Faraday Future unveils FF91 production vehicle

The FF91 is a high-tech electric luxury hatchback. Image courtesy of Faraday Future.
The FF91 is a high-tech electric luxury hatchback. Image courtesy of Faraday Future.

US electric vehicle startup Faraday Future has this week unveiled its first ever production vehicle – the FF 91.

Shown off for the first time at a company press event prior to CES 2017, the vehicle is a luxury battery electric hatchback, with a range of high-tech capabilities.

Specifically, the car has an incredibly fast acceleration of 0-60 mph (0-96.5km/h) in 2.39 seconds and a total range of 378 miles (608km) on a single charge.

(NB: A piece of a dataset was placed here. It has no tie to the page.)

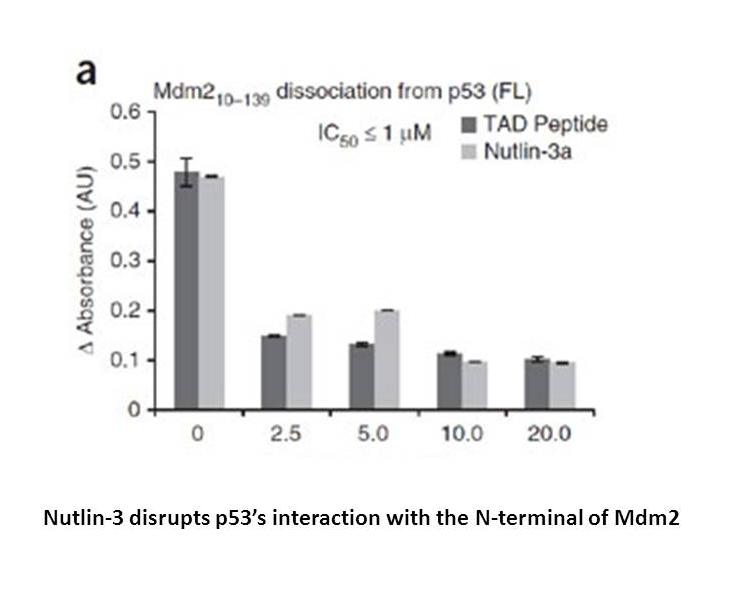 Nutlin-3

Both of these specs put the vehicle marginally ahead of its closest competitor, the Tesla Model S.

Similar to the Model S, the FF91 also contains advanced autonomous driving capabilities. All up the car contains 36 sensors including 13 long and short range radars, 12 ultrasonic sensors, 10 high definition cameras and 1 3D retractable lidar.

During the company event, Faraday Future showed off a feature (with only partial success) whereby the car could autonomously park itself.

So far, Faraday Future has yet to announce how much the vehicle will cost, however, it is already taking pro-orders for a (refundable) $5000 deposit. The company claims to have already received 64,124 such reservations following the launch.

If all goes to plan the FF91 will begin shipping to customers by 2018, however, a more specific release date has not been confirmed.

Questions remain on Faraday Future

While the FF91 was announced in a flashy performance, many have questioned the company’s ability to eventually deliver on their product.

The primary concern is that the company, which lacks any real experience in mass producing vehicles, will be unable to deliver the FF91 within the two-year time frame.

Prior to the car’s unveiling the company had been swamped by bad press, ranging from the news that the company’s flagship factory was not yet under construction to reports that many high-level figures within the company were jumping ship.

Moreover, little is known about the company’s relationship with primary investor LeEco, a Chinese electronics manufacturer, or indeed who even is the CEO of Faraday Future.

All this uncertainty means that the 2018 shipping date is likely to slip if of course the vehicle ever makes it to full-scale production at all.